=== The task ===
Go to the line with "14 Orchard Lane Troy NY 12180" in the material below and copy from there through the line with "Atlas Airport Hotel", exactly. Pictures are not copied.

=== Information ===

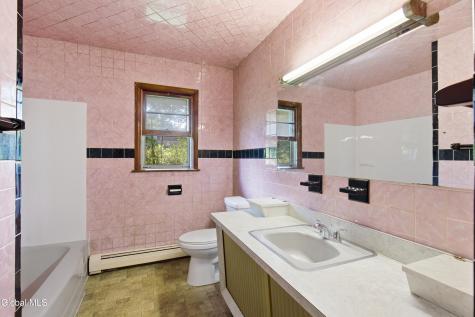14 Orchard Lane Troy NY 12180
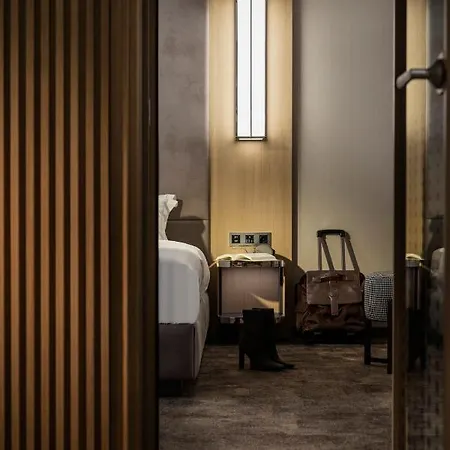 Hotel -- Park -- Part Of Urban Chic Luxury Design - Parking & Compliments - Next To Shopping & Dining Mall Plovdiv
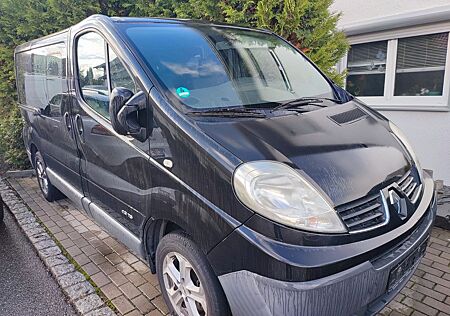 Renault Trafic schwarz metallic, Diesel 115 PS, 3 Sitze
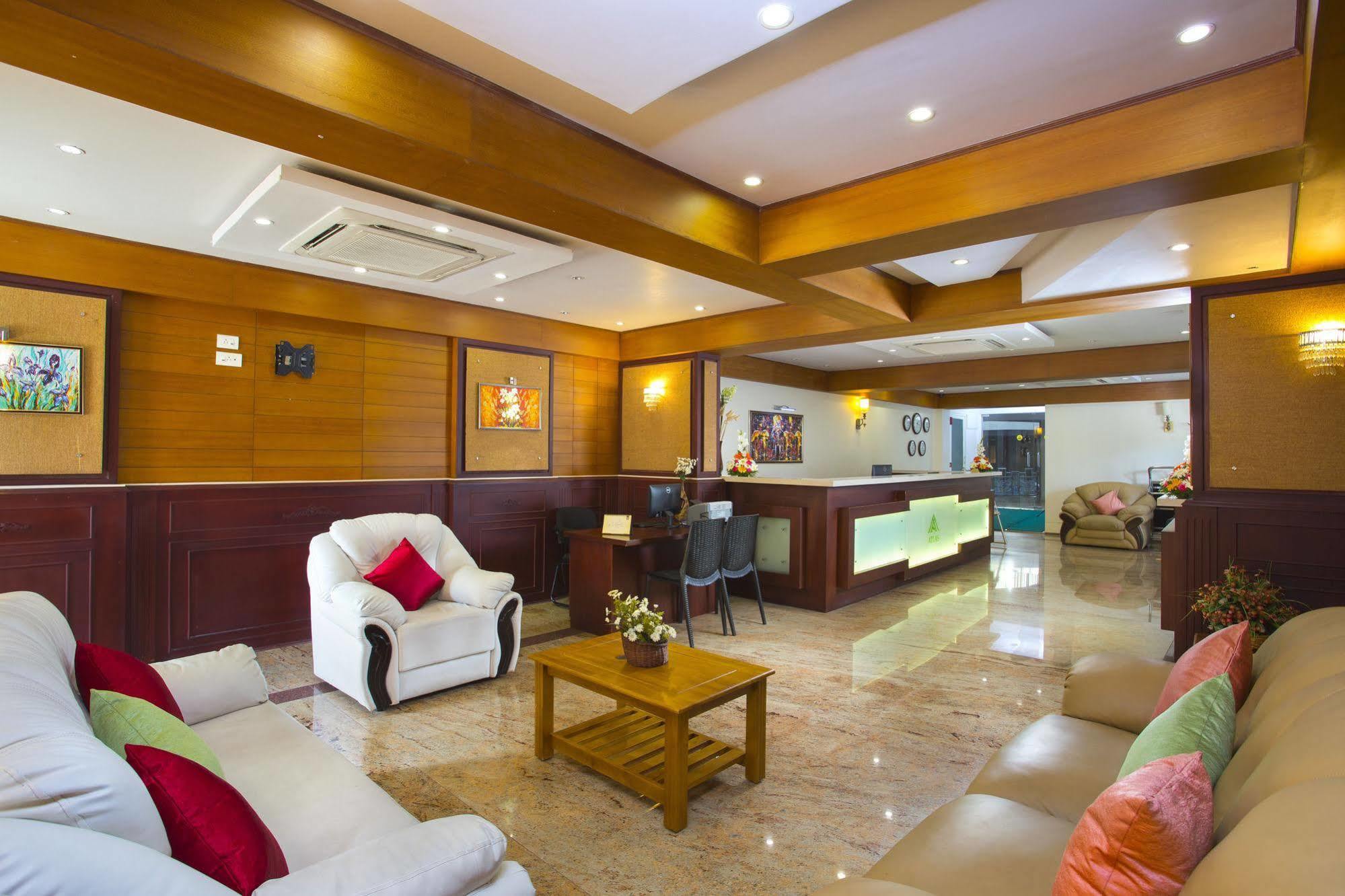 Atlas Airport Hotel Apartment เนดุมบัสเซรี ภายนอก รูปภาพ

...

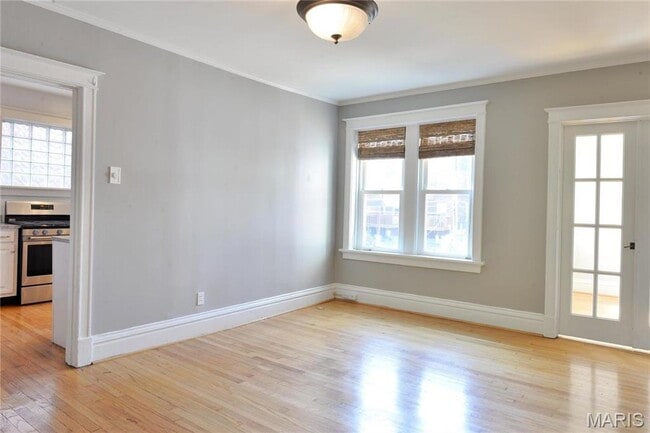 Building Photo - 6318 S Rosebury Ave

=== Your response ===
14 Orchard Lane Troy NY 12180
 Hotel -- Park -- Part Of Urban Chic Luxury Design - Parking & Compliments - Next To Shopping & Dining Mall Plovdiv
 Renault Trafic schwarz metallic, Diesel 115 PS, 3 Sitze
 Atlas Airport Hotel Apartment เนดุมบัสเซรี ภายนอก รูปภาพ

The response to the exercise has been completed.